US-born Raptors coach Nurse explains commitment to Team Canada in open letter

Aug 16 2021, 4:42 pm

Nick Nurse was born in Iowa, but Canada is home now.

The Toronto Raptors head coach proved that by signing a multi-year contract extension with Canada Basketball, which was announced today. The new deal will keep Nurse as the head coach of the national team through the Paris 2024 Olympics.

Named the senior men’s national team head coach in June 2019, Nurse was undeterred by disappointing commitment from players for the 2019 FIBA Basketball World Cup and a crushing loss during Olympic Qualifying in Victoria last month.

An NBA champion with the Raptors in 2019, Nurse doesn’t have anything to prove. He’s already been to the Olympics too, as an assistant coach with Great Britain in 2012.

So why give up his summers to coach for Canada, his adopted country? Nurse explained why in an open letter to Canadian basketball fans.

“[If] you’re wondering why me, a guy from Carroll, Iowa, cares so much about the fate of basketball in Canada, well I need you to know this,” Nurse said.

“I’ve had a few stops between Iowa and Toronto, where I first joined the Raptors organization as an assistant nine years ago… I’ve done the global basketball grind.

“So it feels GOOD to have a place you can call home and that’s what Toronto — and by extension, Canada — has become for me and my family. I absolutely love this city. The fans of the national team and the Raptors have been incredible to me. One of the things I talk to the national team players about a lot is that my two youngest sons were born in Toronto. After the coaching journey I’ve been on, getting to stay in one place long enough to call it home is special. Getting to be part of growing something bigger than yourself there is even cooler.

“I think anybody that gets to do what they love for a living has an obligation to give it everything they’ve got. To have two of the best jobs in the world at the same time? It’s humbling. I am both very honoured and humbled by it. While I have this opportunity, I want to give it my best shot.”

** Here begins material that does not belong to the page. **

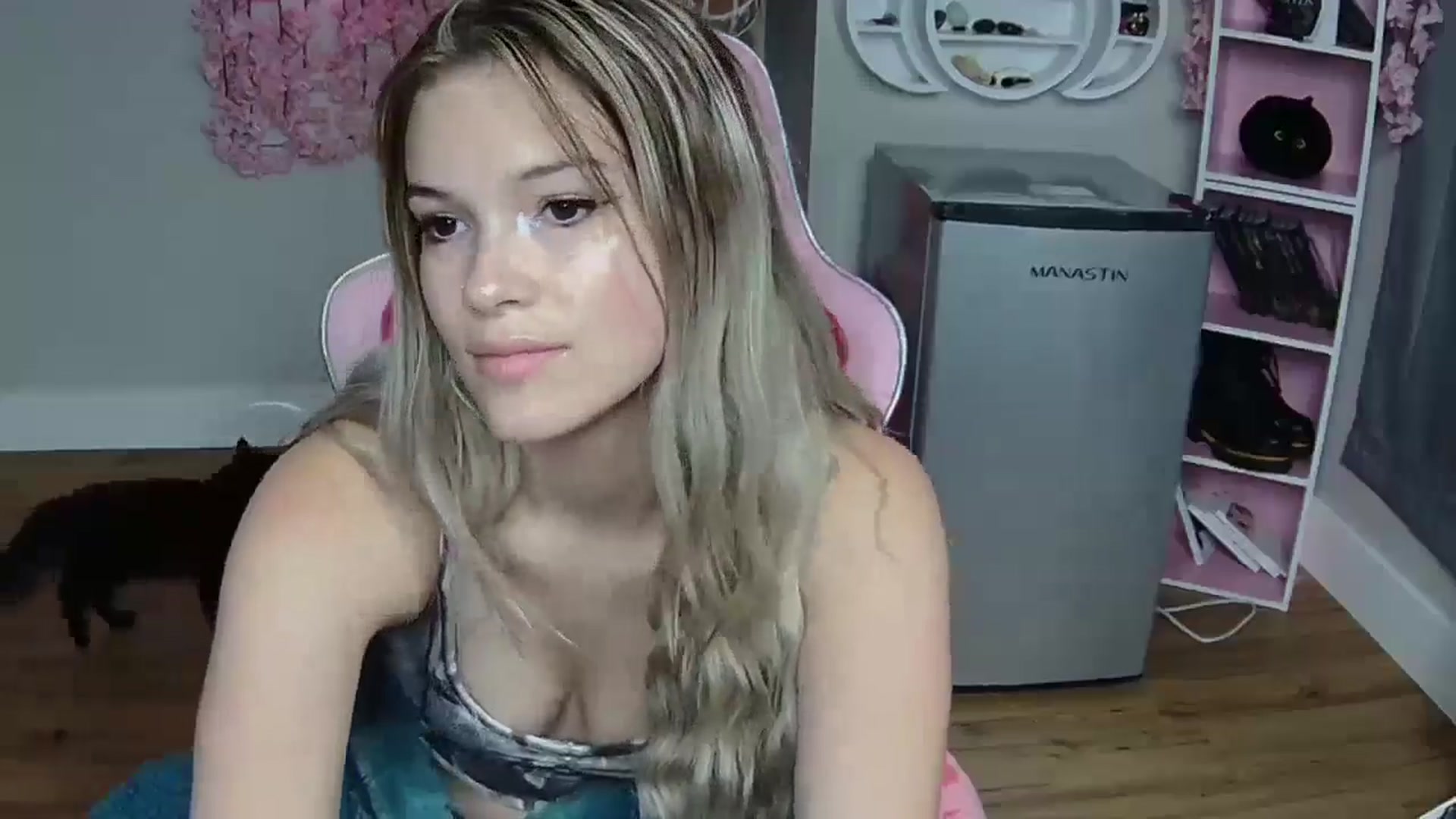 Gallery image thumbnail from Sarahsweets18's myfreecams stream on, 05/28/2024, 11:43 image 4 of 20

Canada has not qualified for the Olympics in men’s basketball since the Steve Nash-led group that played at Sydney 2000.

NBA talent has never been greater in Canada, yet the national team has struggled to get many of them to commit to playing internationally. Just two Canadian NBA players — Cory Joseph and Khem Birch — went to China for the 2019 FIBA Basketball World Cup, and the team finished 21st out of 32 teams.

That was supposed to change for Olympic qualifying, and the assembled team was the most talented team on paper competing in Victoria. Ultimately, they lost, which shows the importance of developing a team, not just a collection of talent.

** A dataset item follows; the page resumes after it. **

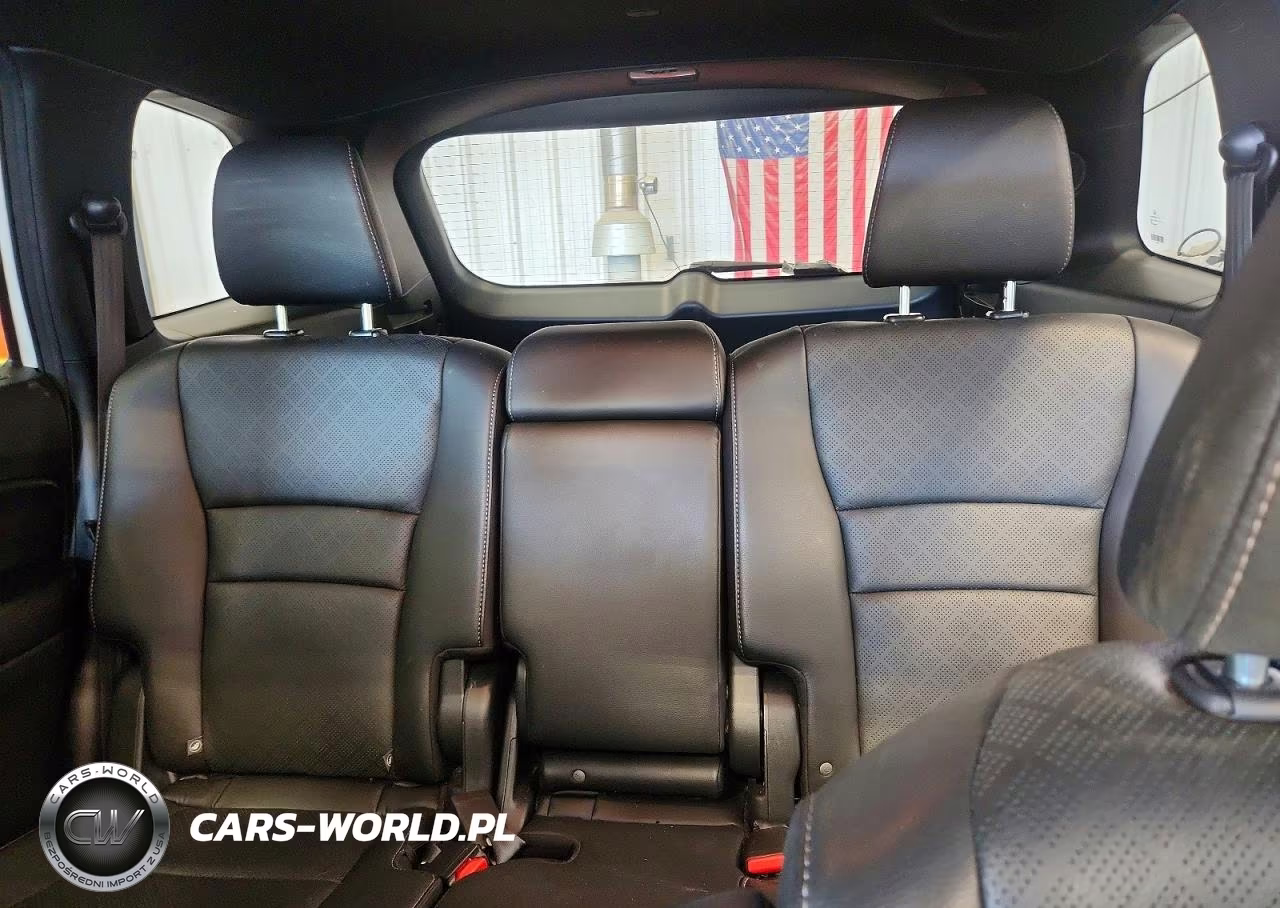 2019 Honda Passport Touring VIN:5FNYF8H99KB010646 - 10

“My staff and I, with the support of the incredible staff here at Canada Basketball, are working to assemble a team that can take us to the podium,” Nurse added.

“One of the biggest lessons that came out of the FIBA Olympic Qualifying Tournament in Victoria this past June is just how important the process of selecting the group of 12 committed players is.”

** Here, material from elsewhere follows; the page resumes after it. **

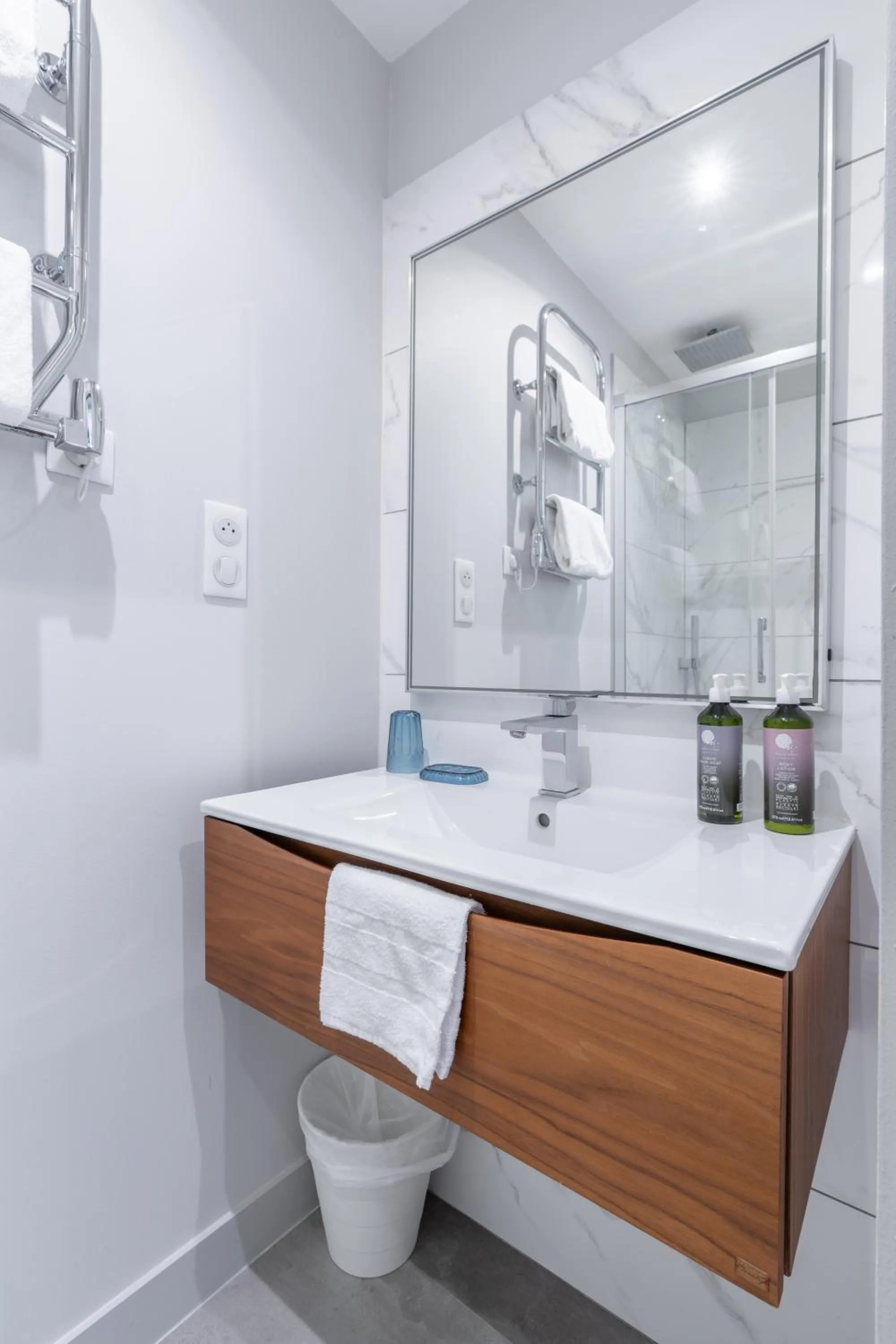 Shower in Apparts de l'Oncle Louis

The challenge that lies ahead is getting commitment from enough top players — notably Jamal Murray, Andrew Wiggins, R.J. Barrett, and Shai Gilgeous-Alexander. Nurse isn’t just looking for a short-term commitment either, saying he wants a three-year commitment from players.

“We believe that to get where we are going we need to lay out a three-year commitment — from today to Paris 2024 — and players need to decide that yes, they are in. We need to lay out what’s waiting on the other side, and how we’ll invest in their journey. This is what we’re truly after here, because this is one of the lessons we’ve learned time and again. I think everyone sees it clearly, including those of you reading these words now.”

Canada’s Tokyo Olympic dreams were crushed last month by the Czech Republic, a team with inferior talent that proved to be a more cohesive group by virtue of playing together for a longer period of time.

“Another lesson learned is that chemistry, camaraderie and continuity can — and often will — trump talent. Keeping a core group of players together is crucial. Accomplishing this is the key to getting where we want this program to be and to me, it is also a sign of immense respect for all of those countries and players that do it year after year. This is why we’re doing it.”

The next step for Canada is to qualify for the 2023 FIBA Basketball World Cup, with qualifiers beginning in late November.

“As the head coach of the Senior Men’s National Team, our goal is to get this team on the podium, by leveraging this golden era of ball in Canada. That’s what they hired me to do. That’s what this three-year plan is about.

“That’s what I’m focused on with this program and it’s what I want you to know as you heard the news about my contract extension today. Basketball is on the rise in Canada, yes, but the most exciting part is that where we are today is really only the beginning.

“This is where I thank you for your time reading and sign off so that I can get back to working on building a team you’ll be proud to support.

“Canada, thank you for continuing to support us.”